Good news on the hands front! My stitches came out today. I’m still under some restrictions for 2 more weeks, as internal healing isn’t complete yet. But I’m improving almost daily now.
The tendon on the left was more ‘stuck’ (my doctor’s wording), which is why it took a few extra snips during the procedure. We did a test to see if I could ease my middle finger to touch the palm with pressure from my right hand. I could, and it stayed closed when I released it, so that’s an excellent sign. It’s going to be fine, it just needs more time.
I’m back writing, despite a bout of imposter syndrome. Notes are trickling in from my betas.
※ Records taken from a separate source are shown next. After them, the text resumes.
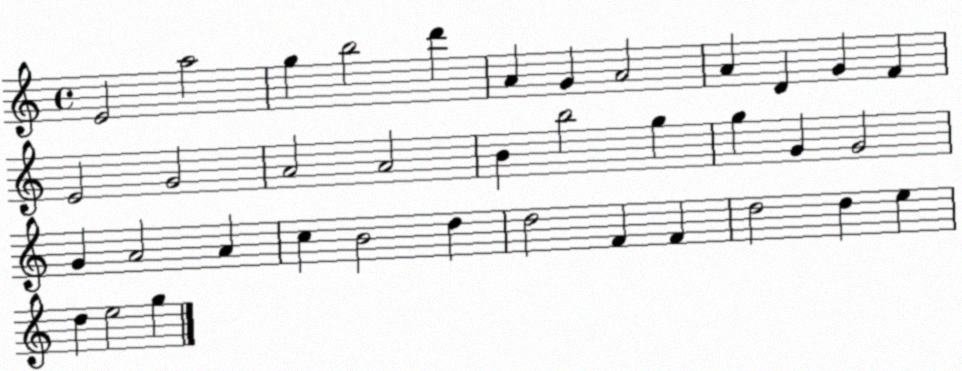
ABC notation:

X:1
T:Untitled
M:4/4
L:1/4
K:C
E2 a2 g b2 d' A G A2 A D G F E2 G2 A2 A2 B b2 g g G G2 G A2 A c B2 d d2 F F d2 d e d e2 g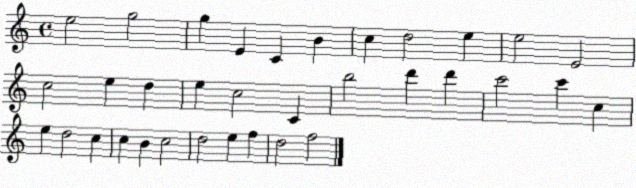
X:1
T:Untitled
M:4/4
L:1/4
K:C
e2 g2 g E C B c d2 e e2 E2 c2 e d e c2 C b2 d' d' c'2 c' c e d2 c c B c2 d2 e f d2 f2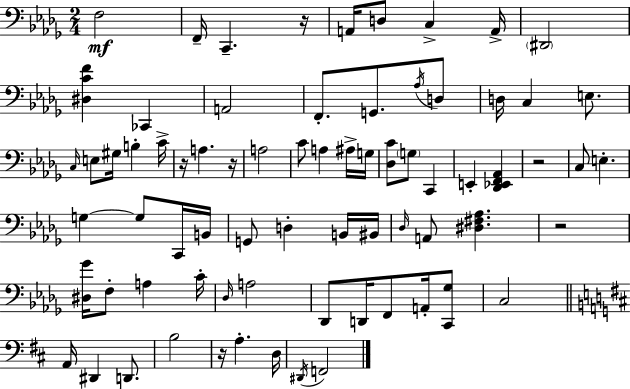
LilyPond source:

{
  \clef bass
  \numericTimeSignature
  \time 2/4
  \key bes \minor
  f2\mf | f,16-- c,4.-- r16 | a,16 d8 c4-> a,16-> | \parenthesize dis,2 | \break <dis c' f'>4 ces,4 | a,2 | f,8.-. g,8. \acciaccatura { aes16 } d8 | d16 c4 e8. | \break \grace { c16 } e8 gis16 b4-. | c'16-> r16 a4. | r16 a2 | c'8 a4 | \break ais16-> g16 <des c'>8 \parenthesize g8 c,4 | e,4-. <des, ees, f, aes,>4 | r2 | c8 e4.-. | \break g4~~ g8 | c,16 b,16 g,8 d4-. | b,16 bis,16 \grace { des16 } a,8 <dis fis aes>4. | r2 | \break <dis ges'>16 f8-. a4 | c'16-. \grace { des16 } a2 | des,8 d,16 f,8 | a,16-. <c, ges>8 c2 | \break \bar "||" \break \key d \major a,16 dis,4 d,8. | b2 | r16 a4.-. d16 | \acciaccatura { dis,16 } f,2 | \break \bar "|."
}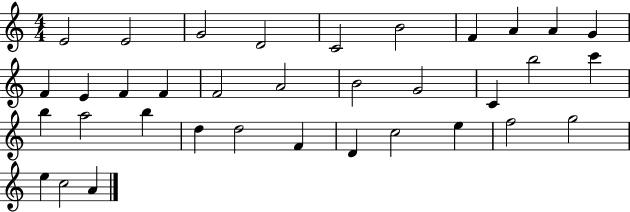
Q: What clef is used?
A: treble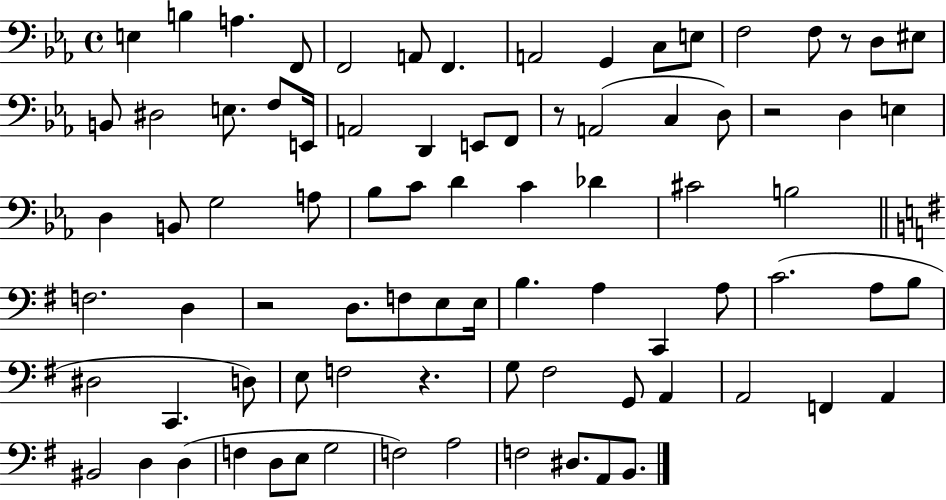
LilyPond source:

{
  \clef bass
  \time 4/4
  \defaultTimeSignature
  \key ees \major
  e4 b4 a4. f,8 | f,2 a,8 f,4. | a,2 g,4 c8 e8 | f2 f8 r8 d8 eis8 | \break b,8 dis2 e8. f8 e,16 | a,2 d,4 e,8 f,8 | r8 a,2( c4 d8) | r2 d4 e4 | \break d4 b,8 g2 a8 | bes8 c'8 d'4 c'4 des'4 | cis'2 b2 | \bar "||" \break \key g \major f2. d4 | r2 d8. f8 e8 e16 | b4. a4 c,4 a8 | c'2.( a8 b8 | \break dis2 c,4. d8) | e8 f2 r4. | g8 fis2 g,8 a,4 | a,2 f,4 a,4 | \break bis,2 d4 d4( | f4 d8 e8 g2 | f2) a2 | f2 dis8. a,8 b,8. | \break \bar "|."
}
Sometime this weekend, I’ll start reading ‘Shield & Scepter’ out loud to myself. This is the last step before I send it over to Denise Barone, my agent.
She submitted ‘Scales & Stinger’ to another publisher this morning – keep your fingers crossed! I know the series is good and that you’ll love to read the books. We just need to hold onto the belief that a publisher will think the same way.
No matter how solitary the process to write a book is, authors aren’t always happy in that bubble. We crave feedback. It’s how we know if what we wrote works, is enjoyable, or totally sucks. When we don’t get that – from betas, publishers, or reviews/readers – our minds begin to spiral into dark places. Ones that many of us won’t touch with our writing. They’re that dark.
It’s a moment where we simply feel like we should curl up into a ball and never bother another soul again because we suck and nobody likes us.
You gotta be tough to be a writer. We hear ‘no’ far more than anything else. And sometimes we do really stupid things, sign bad contracts, because someone said yes and we were desperate to hear that word. I can take a bad review. I can take constructive criticism and learn from it. I can fix a plot hole my beta readers pick up on.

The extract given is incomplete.